Lindeberg began his career as an assistant draftsman with the noted architecture firm McKim, Mead & White, where he assisted Stanford White with the James L. Breese House in Southampton, New York. He left the firm in 1906 to form a partnership with fellow McKim, Mead & White draftsman Lewis Colt Albro. They worked together until 1914.
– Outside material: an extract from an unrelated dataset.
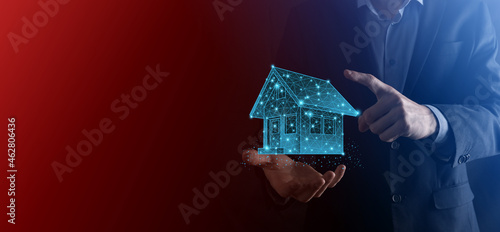 Man hold low polygon.Real estate concept, businessman holding a house icon.House on Hand.Property insurance and security concept. Protecting gesture of man and symbol of house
After the partnership dissolved, Lindeberg continued to design works that ranged from large country estates to suburban villas. His office received commissions from across the United States. His clients included many of the leading business, professional and cultural figures of the era. In Chicago he designed fine residences on the North Shore for the Armour family; in Houston his clients included many oil barons who resided in the "Shadyside" district; in New Jersey he built for Wall Street figures and businessmen such as Gerard Lambert; on Long Island his clients were self-made millionaires in the mold of Jay Gatsby. His best-known houses include Glencraig for Michael Van Beuren in Middletown, Rhode Island and the Paul Moore residence (now demolished) in Convent Station, New Jersey.

===Notable buildings===
- Nester House, 1911, Geneva, New York. Listed on the National Register of Historic Places in 1984.
- Barberrys, Nelson Doubleday house, Mill Neck, New York, 1916.
- Southways (John S. Pillsbury estate), 1919, Orono, Minnesota. Demolished 2018.
- Amelita Galli-Curci Estate, 1922, Fleischmanns, New York. Listed on the National Register of Historic Places in 2010.
- Carter Hall, 1930 remodel, Millwood, Virginia. Listed on the National Register of Historic Places in 1973.
- Morrocroft, 1925-1927, Charlotte, North Carolina. Listed on the National Register of Historic Places in 1983.
- Philip D. Armour III House, 1932, Lake Bluff, Illinois. Listed on the National Register of Historic Places in 1996.
- Embassy of the United States, Helsinki, Finland, 1938. Modelled after Westover Mansion in Virginia.
- Francis Lewis Wurzburg residence in Bronxville, New York c1923. Extant today as Slonim House as Sarah Lawrence College 's Center for Continuing Education and Office of Graduate Studies

==Personal life==
Lindeberg married (1st) Lucia Hull (marriage dissolved by divorce in 1925). They were the parents of:

- Linda Lindeberg (c. 1915–1973), a painter who married John Carrington Yates (d. 1951) in 1945. After his death, she married Giorgio Cavallon (1904–1989), an abstract artist.
- Lytle Polk Lindeberg (d. 1970), who lived on Bainbridge Island who was married to the artist Barbara Earling (1927–2007).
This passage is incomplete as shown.